**Excerpted records:**
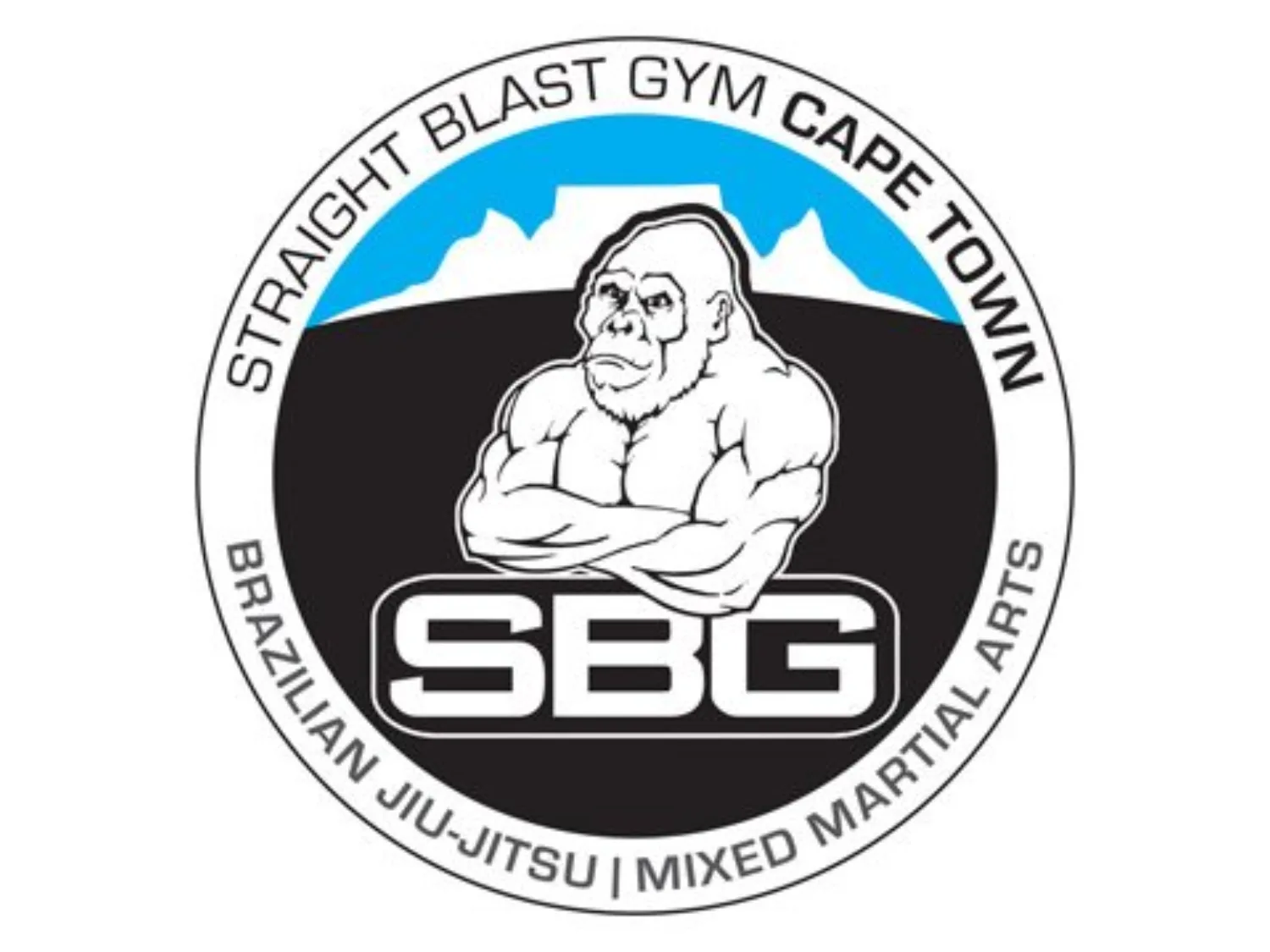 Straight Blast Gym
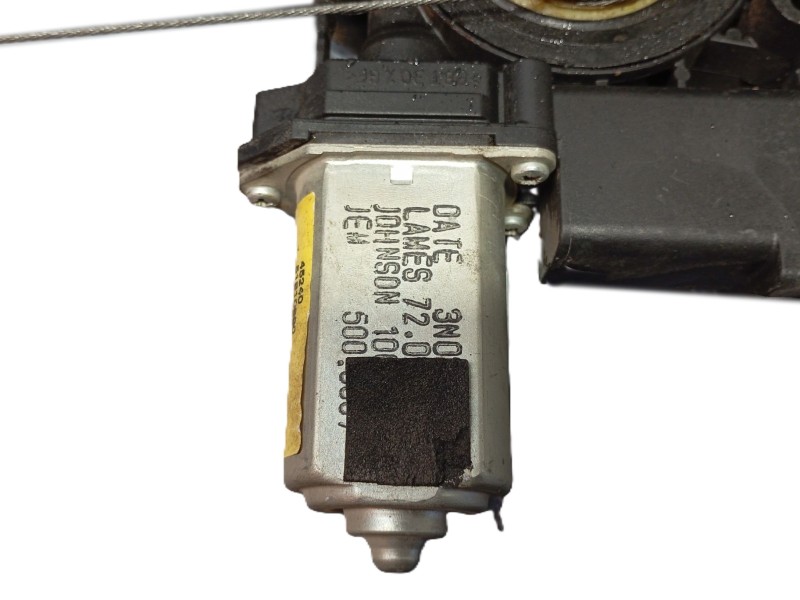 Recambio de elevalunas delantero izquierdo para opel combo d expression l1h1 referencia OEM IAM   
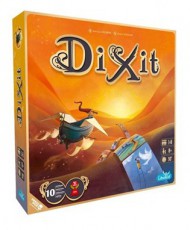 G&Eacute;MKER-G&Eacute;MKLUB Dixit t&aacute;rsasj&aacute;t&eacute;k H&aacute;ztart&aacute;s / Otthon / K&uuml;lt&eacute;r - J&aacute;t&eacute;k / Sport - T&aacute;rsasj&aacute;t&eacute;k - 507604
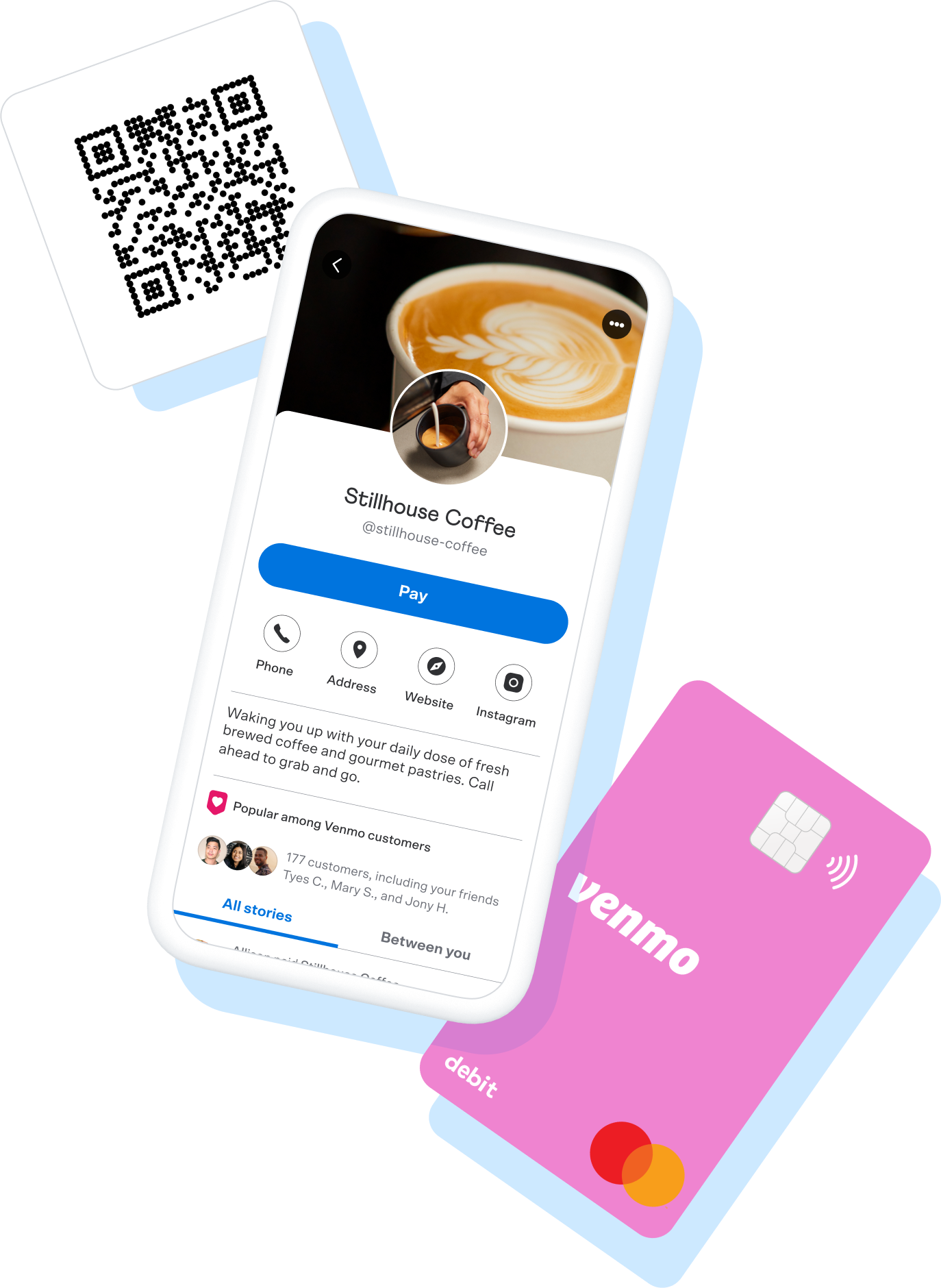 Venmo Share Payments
==
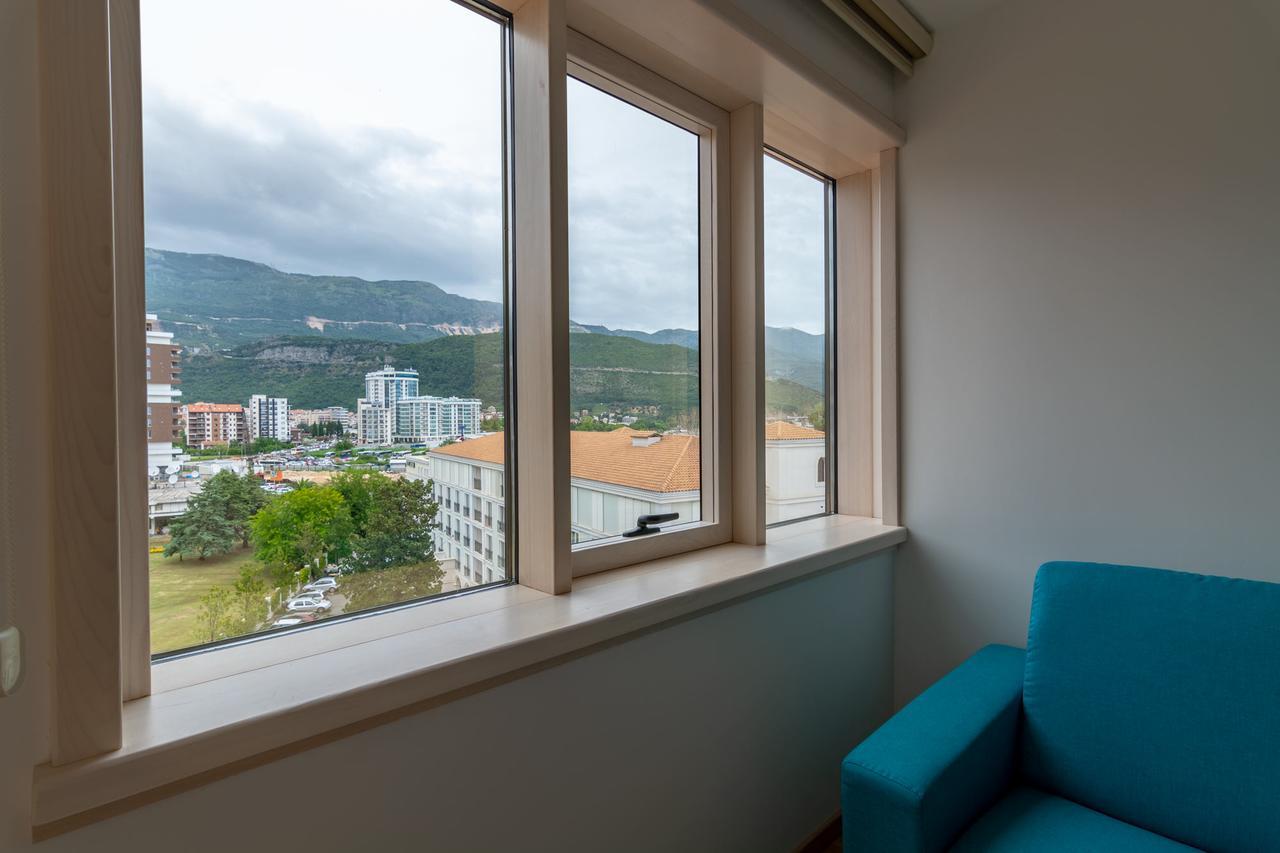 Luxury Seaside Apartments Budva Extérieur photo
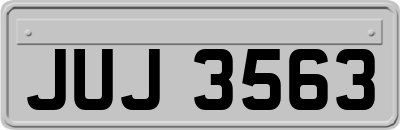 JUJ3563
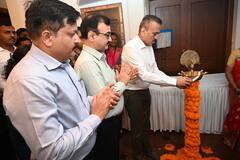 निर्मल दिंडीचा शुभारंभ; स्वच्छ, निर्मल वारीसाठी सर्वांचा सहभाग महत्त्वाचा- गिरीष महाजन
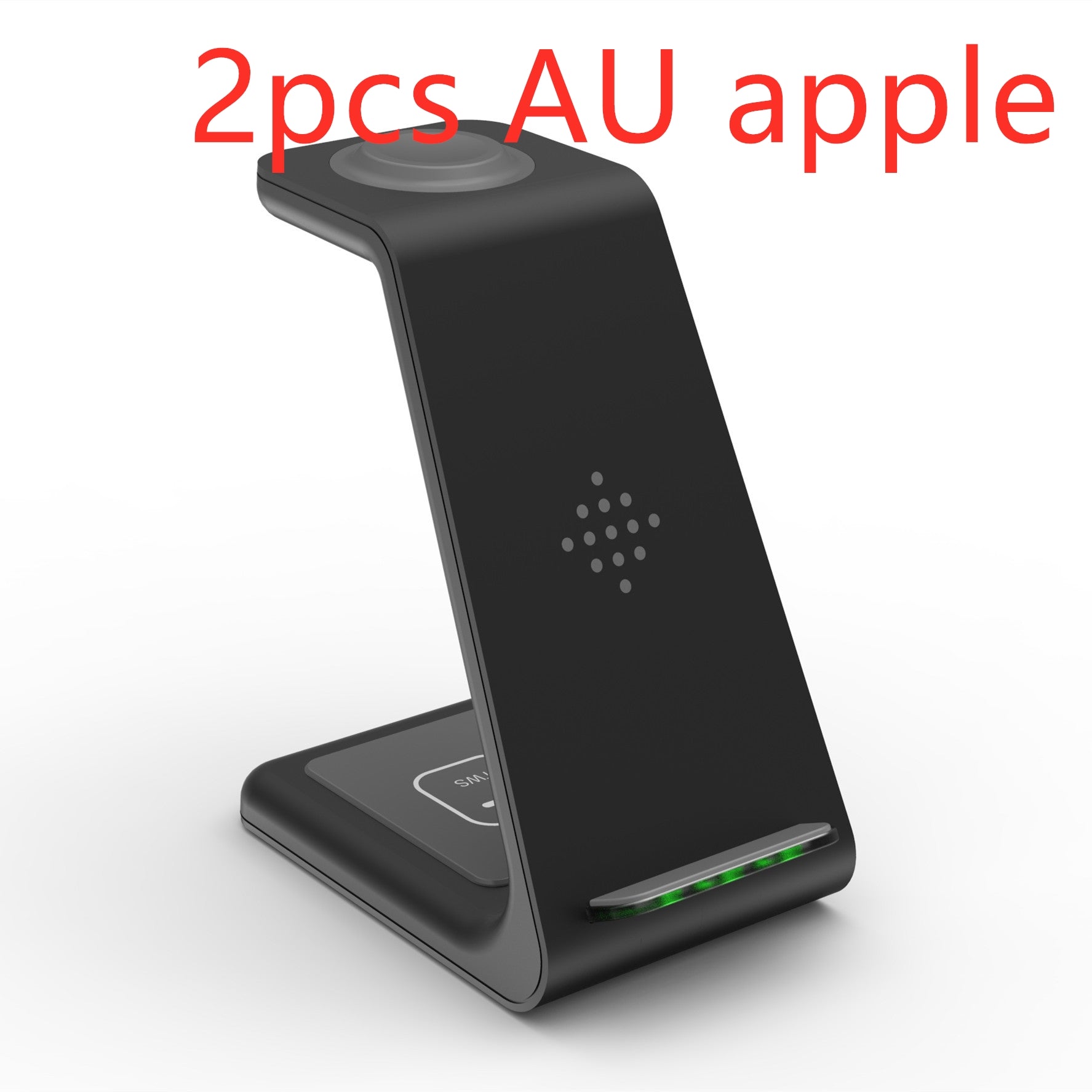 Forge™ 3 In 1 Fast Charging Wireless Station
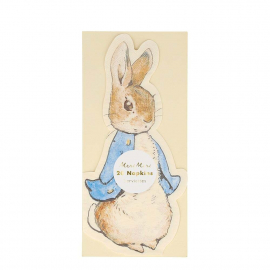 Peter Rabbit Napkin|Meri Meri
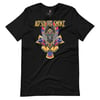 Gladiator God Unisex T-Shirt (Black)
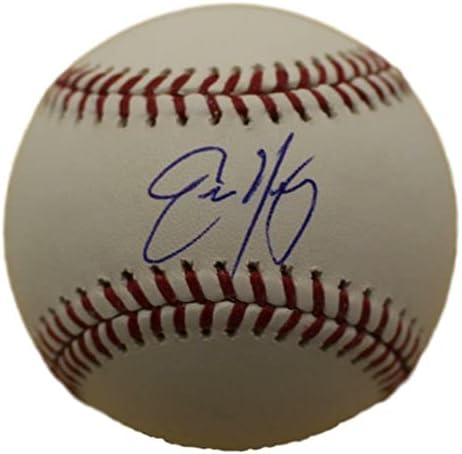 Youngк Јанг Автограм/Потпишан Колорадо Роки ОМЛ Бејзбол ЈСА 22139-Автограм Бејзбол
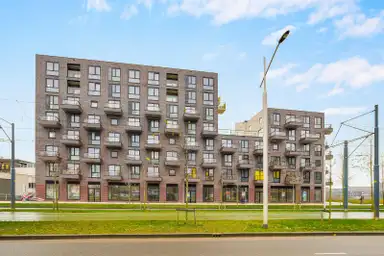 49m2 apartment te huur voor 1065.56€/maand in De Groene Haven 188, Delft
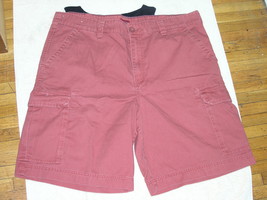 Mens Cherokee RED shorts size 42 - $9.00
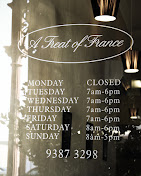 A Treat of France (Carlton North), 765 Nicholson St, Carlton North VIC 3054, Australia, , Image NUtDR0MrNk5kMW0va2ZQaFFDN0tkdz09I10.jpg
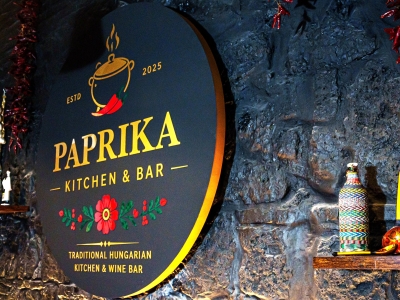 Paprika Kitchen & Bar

**Assigned task:**
Above are some entries; copy exactly the lines from the line with "49m2 apartment te" through the line with "Paprika Kitchen & Bar", both included, but none of the pictures.

**Answer:**
 49m2 apartment te huur voor 1065.56€/maand in De Groene Haven 188, Delft
 Mens Cherokee RED shorts size 42 - $9.00
 A Treat of France (Carlton North), 765 Nicholson St, Carlton North VIC 3054, Australia, , Image NUtDR0MrNk5kMW0va2ZQaFFDN0tkdz09I10.jpg
 Paprika Kitchen & Bar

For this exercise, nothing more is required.